--- DATA IN THIS EXERCISE Enclosed Below ---

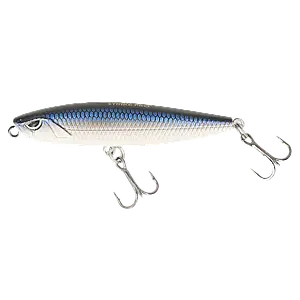 Воблер Strike Pro Scud Stick 70S 16.5г GCA02FS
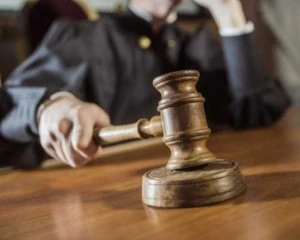 В справедливість судів не вірять 80% українців - опитування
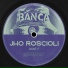 Jho Roscioli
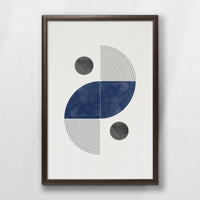 LWN040W060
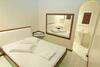 Hotel Motel 3 Peixinhos (Adults Only)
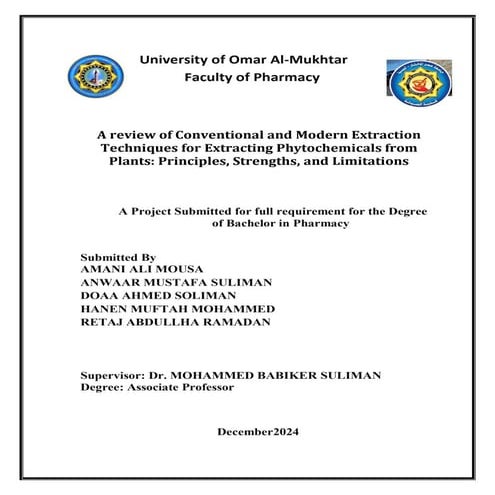 A review of Conventional and Modern Extraction.pdf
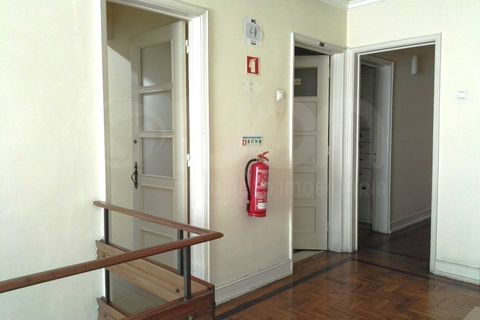 Villa a Alvalade, Setubal, Alvalade - € 2.150.000 | Ref: 41825 - foto 16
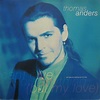 Hayden Takarai: Thomas Anders - Can't Give You Anything (But My Love ...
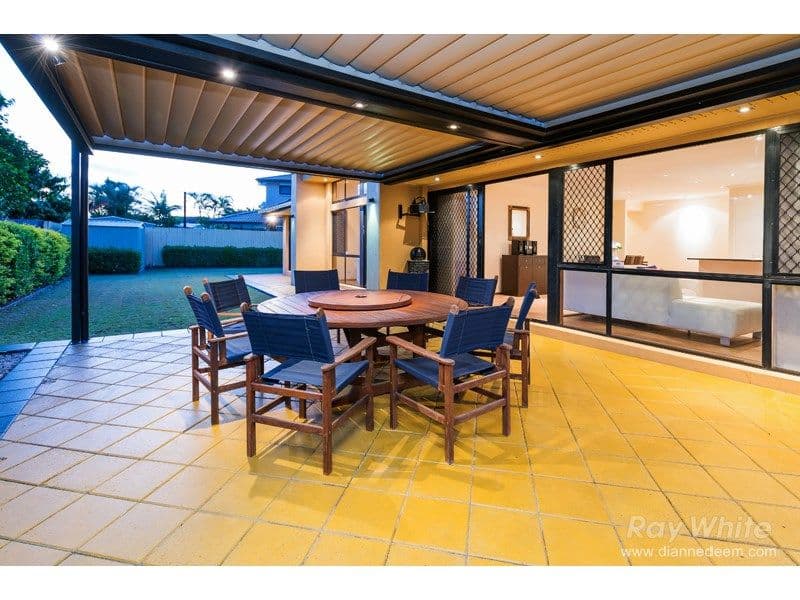 43 Chanel Crescent, Eight Mile Plains QLD 4113, Eight Mile Plains - Thumbnail 2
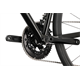 Rower szosowy GIANT Contend AR 1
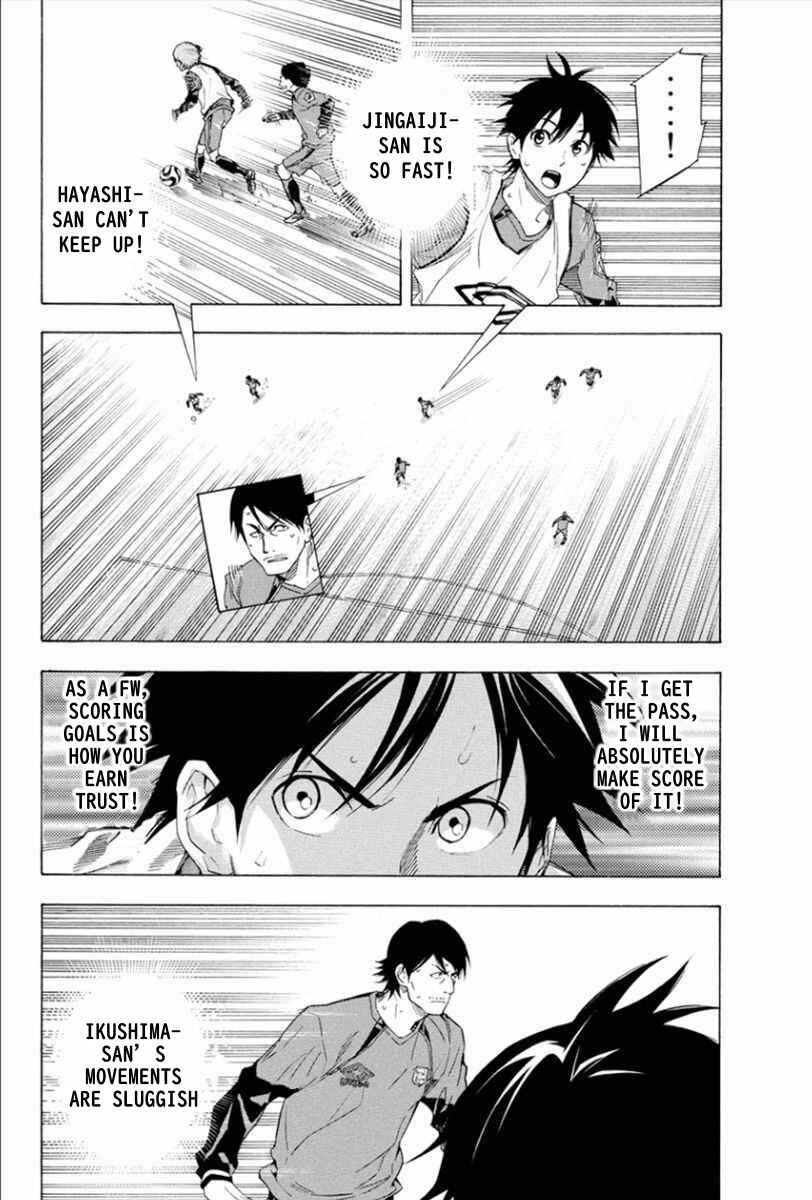 Chapter 332 - Page 6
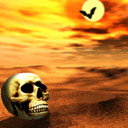 images/avatars/avatar-3554.jpg
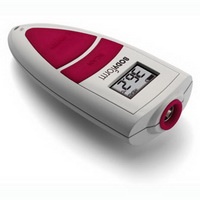 Nhiệt kế hồng ngoại BM4800 Laica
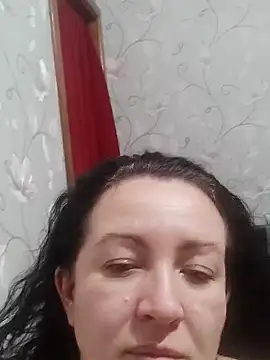 Velvet3451 online show from December 2025 08:14:01 PM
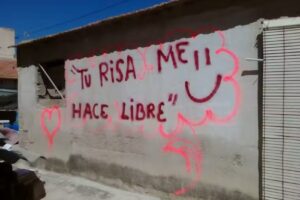 Bar Encarna Mart&iacute;nez Ferr&aacute;ndez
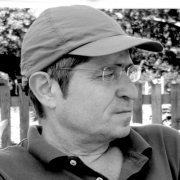 Klaus F. Schneider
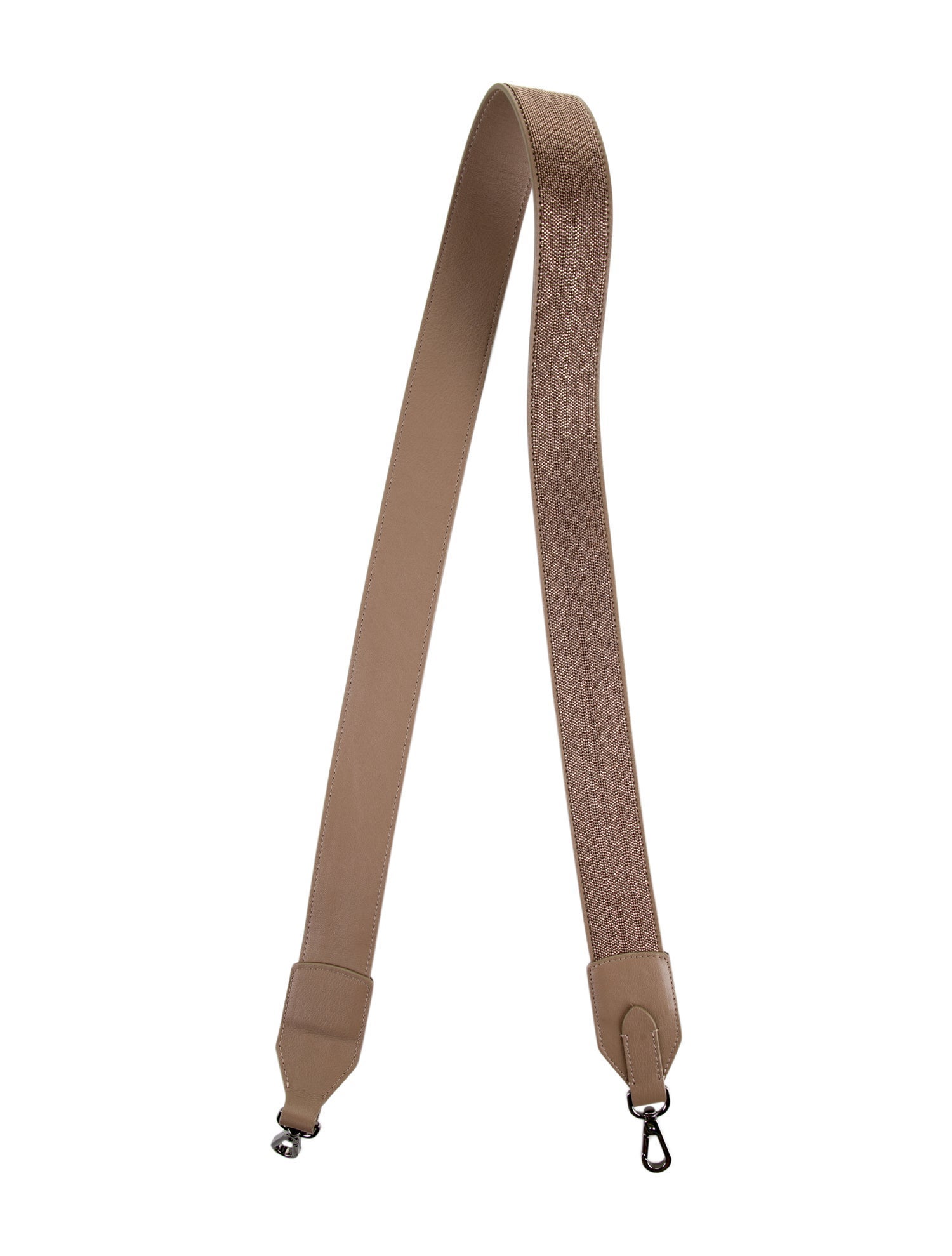 Brunello Cucinelli Bag Strap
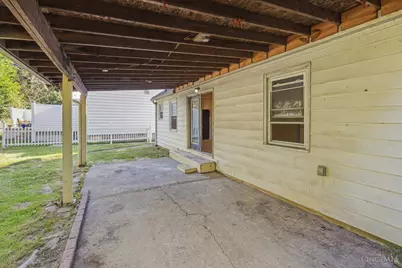 6814 Warder Drive, Springfield Township, OH 45224 - Photo 18
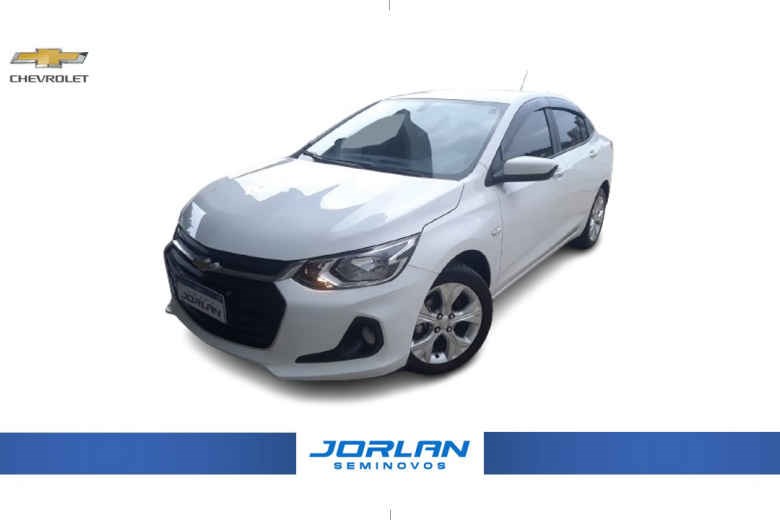 //www.autoline.com.br/carro/chevrolet/onix-plus-10-turbo-ltz-12v-flex-4p-automatico/2024/belo-horizonte-mg/23303080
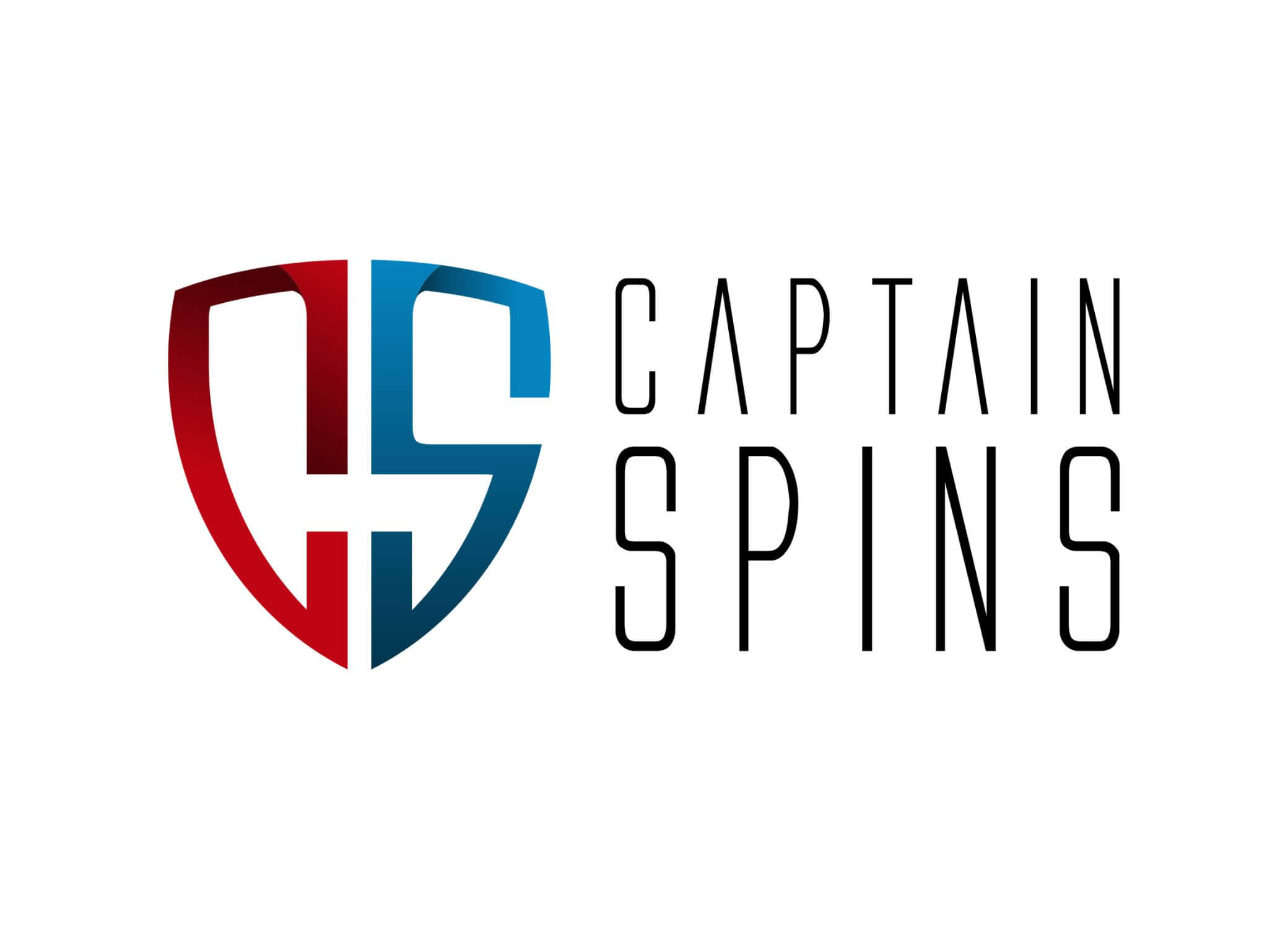 Captain Spins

--- End of Enclosed DATA IN THIS EXERCISE ---

TRY IT
What is needed is a word-for-word restatement of the entries, minus any pictures.

SOLUTION TO THIS TASK
 Воблер Strike Pro Scud Stick 70S 16.5г GCA02FS
 В справедливість судів не вірять 80% українців - опитування
 Jho Roscioli
 LWN040W060
 Hotel Motel 3 Peixinhos (Adults Only)
 A review of Conventional and Modern Extraction.pdf
 Villa a Alvalade, Setubal, Alvalade - € 2.150.000 | Ref: 41825 - foto 16
 Hayden Takarai: Thomas Anders - Can't Give You Anything (But My Love ...
 43 Chanel Crescent, Eight Mile Plains QLD 4113, Eight Mile Plains - Thumbnail 2
 Rower szosowy GIANT Contend AR 1
 Chapter 332 - Page 6
 images/avatars/avatar-3554.jpg
 Nhiệt kế hồng ngoại BM4800 Laica
 Velvet3451 online show from December 2025 08:14:01 PM
 Bar Encarna Mart&iacute;nez Ferr&aacute;ndez
 Klaus F. Schneider
 Brunello Cucinelli Bag Strap
 6814 Warder Drive, Springfield Township, OH 45224 - Photo 18
 //www.autoline.com.br/carro/chevrolet/onix-plus-10-turbo-ltz-12v-flex-4p-automatico/2024/belo-horizonte-mg/23303080
 Captain Spins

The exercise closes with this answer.